> Aim of the task:
A verbatim copy of the listing is what is needed, minus any pictures.
(Beginning of Source material)
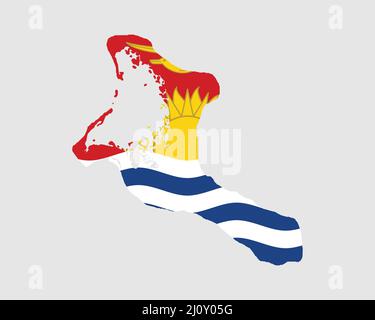Kiribati Map Flag. Map of the Republic of Kiribati with country banner. Vector Illustration. Stock Vector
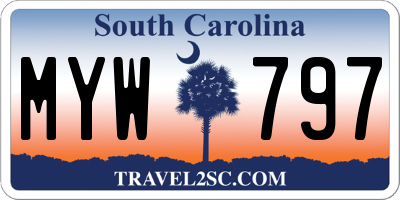 SC license plate MYW797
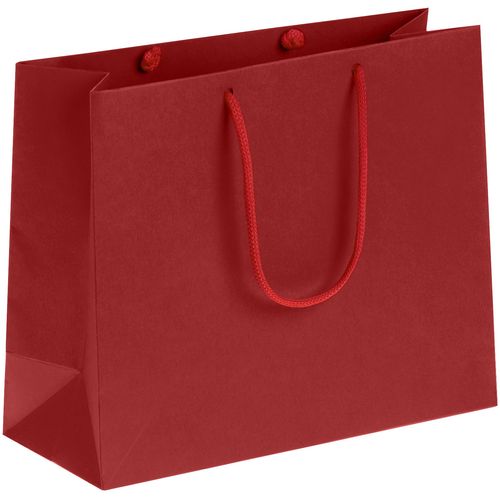 Бумажный пакет с логотипом из дизайнерской бумаги (малый) Красный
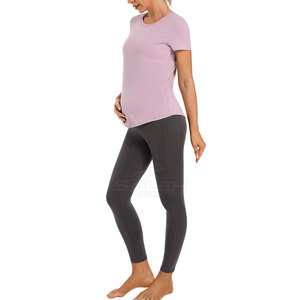 Legging de maternité sur mesure avec tissu extensible doux et ceinture large pour une grossesse confortable et un port décontracté - Product Image 3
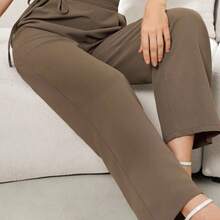 Pantalones rectos casuales lisos, versátiles para el transporte - Verde militar - Ver 4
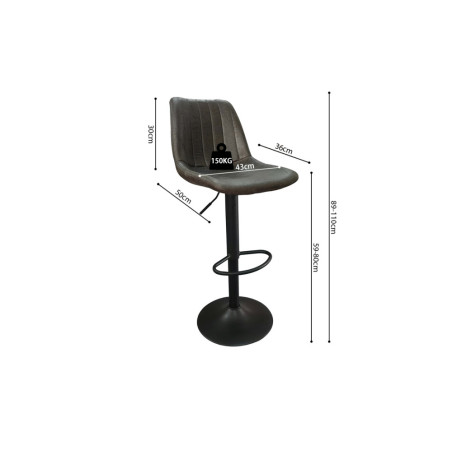 CHABLIS, tabouret de bar hauteur 89-110 cm - simili cuir - hauteur réglable - 2 coloris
(End of Source material)
> Answer for this exercise:
Kiribati Map Flag. Map of the Republic of Kiribati with country banner. Vector Illustration. Stock Vector
 SC license plate MYW797
 Бумажный пакет с логотипом из дизайнерской бумаги (малый) Красный
 Legging de maternité sur mesure avec tissu extensible doux et ceinture large pour une grossesse confortable et un port décontracté - Product Image 3
 Pantalones rectos casuales lisos, versátiles para el transporte - Verde militar - Ver 4
 CHABLIS, tabouret de bar hauteur 89-110 cm - simili cuir - hauteur réglable - 2 coloris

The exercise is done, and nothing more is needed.